He revealed his abilities gradually to the people around his bed - starting, for tradition's sake, with 'Mama'. They kept saying 'Mama' to him, mugging with big eyes and flapping lips and wanting him to reciprocate, so he obliged. His own name for his mother, as it happened, was not Mama; it was This. His father's name was Out.
The company that Moon worked for had been an innocuous concern before the war, producing games and packs of cards and crossword puzzles. Now they had a new project and they felt more important. They collected together useful items that could be smuggled into prisoner of war camps, and packaged them up in pretend care packages. There would be food, socks, a pack of cards perhaps, cigarettes, small comforts. Each box got stamped with the name of a fictitious charity and then they were shipped out, rich with secrets and never to be seen again. Moon's particular job was to work on tiny maps that were inked on tissue paper, rolled as thin as hairs and stashed inside the wooden chambers of pencils, where the lead was meant to be. It was a delicate process. Moon would be given a map to copy out, and would sit all day frowning very close to his work, a stack of pencils next to him, their insides mutilated to make room. Moon alternated the drawing and the rolling and the poking, and got up sometimes to wash his hands, so his sweat wouldn't buckle the tiny slips of paper or smudge the pencil lines. On his way to the men's washroom he would pass the table where the young girls sewed codes into handkerchiefs and map references into the heels of socks. Sometimes he passed by unnoticed. Sometimes the girls nudged each other and made comments. One of them was called Hilda and had two red coils of hair and a wide red mouth. She was as broad in the flanks as a horse and had rough skin around her mouth.
'That's a wild one there,' said Harry, who had a withered leg and worked on tiny compasses, strong and resilient enough to be hidden in the heel of a boot. No-one knew how many of the little maps and other items actually got to their intended beneficiaries, or if they provided any help. But Harry and Moon and the girls all worked late into the night anyway, straining their eyes. Harry gained secret pleasure from not telling his wife anything about his new line of work, and she gained secret pleasure from not being told.

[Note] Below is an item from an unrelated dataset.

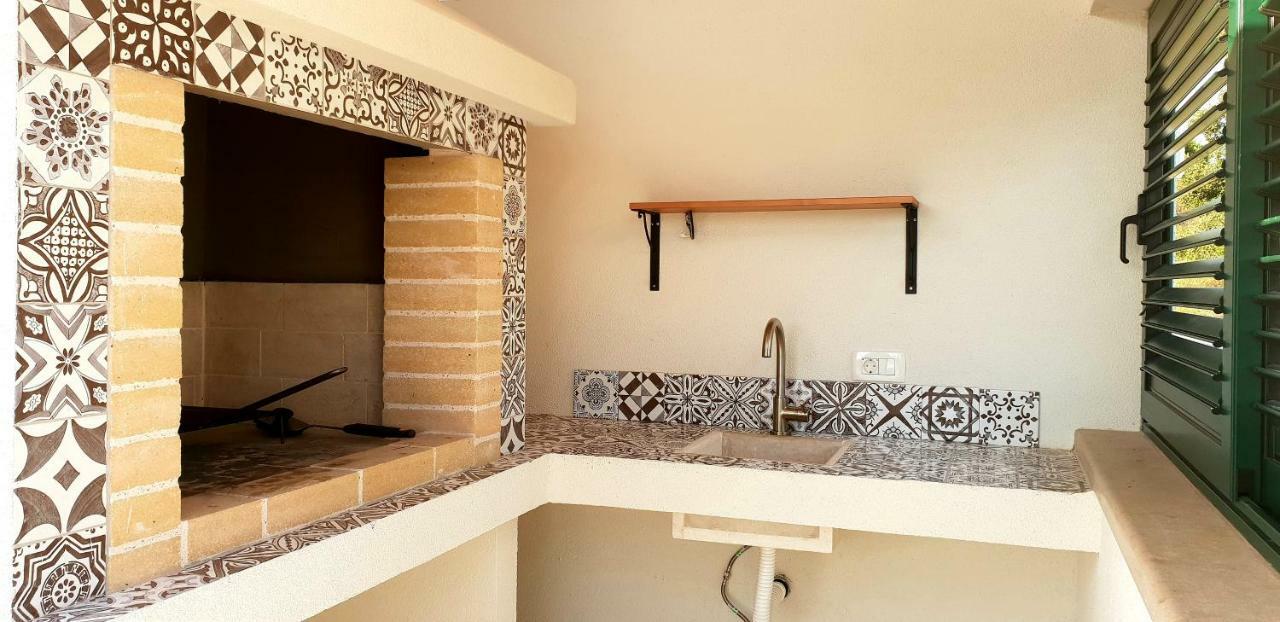 Apartmani Mariela Маслиница Екстериор снимка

'That's a wild one there. Eat you for breakfast, Moon. Soon as look at you.'
Harry had a wife, a woman of virtue who was not to be discussed in the same terms as the working girls. Moon blushed when Harry talked that way. Hilda stood a full foot taller than Moon. Moon knew this because she'd once backed him against a wall and offered him a swig of something strong-smelling from a hip flask. His nose had come level with the imperious jut of her bosom. Too close to her body, he saw that it was really a collection of beautiful arches, like a church: her eyebrows, her feet in battered high-up heels, her front curved out under black scratchy heavy fabric. Her pelvis the doorway, her ribcage the rafters. Moon pitter-pattered like a rabbit, feet working for escape, heart fast. He felt the breath gather in his chest as if in a balloon.
'You're so LITTLE. It's sweet,' Hilda hissed before he got away. 'I could snap you over my knee like one of those pencils.' After that he began sneaking glances at her knees, which were as solid and lumpy as potatoes.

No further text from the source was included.